Cletus Nombil

Personal information
- Full name: Cletus Daho Nombil
- Date of birth: 23 August 2000 (age 25)
- Place of birth: Ghana
- Height: 1.92 m (6 ft 4 in)
- Position: Defensive midfielder

Team information
- Current team: Zlín
- Number: 19

Senior career*
- Years: Team / Apps / (Gls)
- 2017–2020: Dreams / 21 / (0)
- 2020: → Eleven Wonders (loan) / 0 / (0)
- 2020–2022: Hapoel Jerusalem / 49 / (0)
- 2022: → Hapoel Kfar Saba (loan) / 13 / (2)
- 2023: Petržalka / 16 / (0)
- 2024–: Zlín / 67 / (4)

= Cletus Nombil =

Ghanaian professional footballer

Cletus Daho Nombil (born 23 August 2000) is a Ghanaian professional footballer who plays as a defensive midfielder for Czech First League club FC Zlín. Previously, he played for Ghana Premier League side Dreams and Israeli clubs Hapoel Jerusalem and Hapoel Kfar Saba.

== Career ==
Dreams FC

Nombil joined the senior team of Dreams FC in 2018, initially appearing in the GHALCA Top 8 tournament before making his league debut in the 2018 Ghana Premier League season. His first official league appearance was on 17 March 2018, where he played 78 minutes in a 1–0 victory over Elmina Sharks. Nombil managed four league appearances before the season was interrupted and later abandoned due to the Ghana Football Association's (GFA) dissolution following the Anas Number 12 Exposé. During the GFA Normalization Committee Special Competition in 2019, he featured in five matches and subsequently appeared in twelve league games during the 2019–20 season.
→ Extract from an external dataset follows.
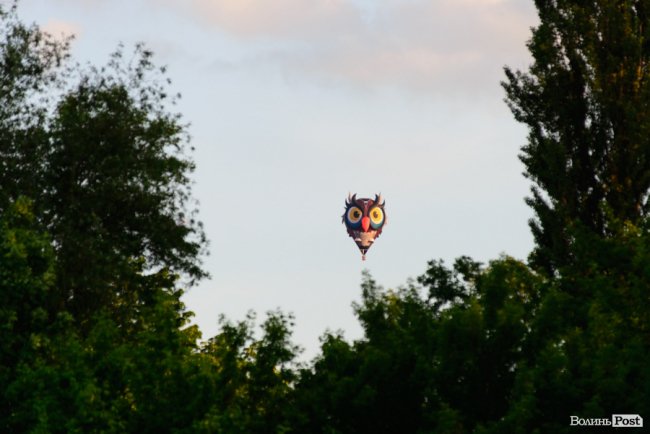 У небі над Луцьком – карнавал повітряних куль. ФОТО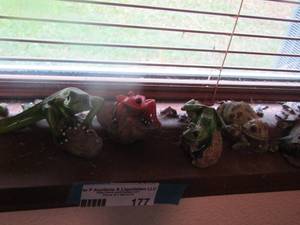 lot 177 image: frog dcor qty 5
In April 2020, he was loaned to Techiman Eleven Wonders, but he left to join Hapoel Jerusalem before the season commenced, resulting in no league appearances for Eleven Wonders.

Hapoel Jerusalem

In September 2020, Nombil joined Israeli club Hapoel Jerusalem on a one-year loan, with an option for a permanent transfer.

FC Zlín

In January 2024, Nombil signed a three-and-a-half-year contract with Czech First League club FC Zlín, marking a new phase in his career.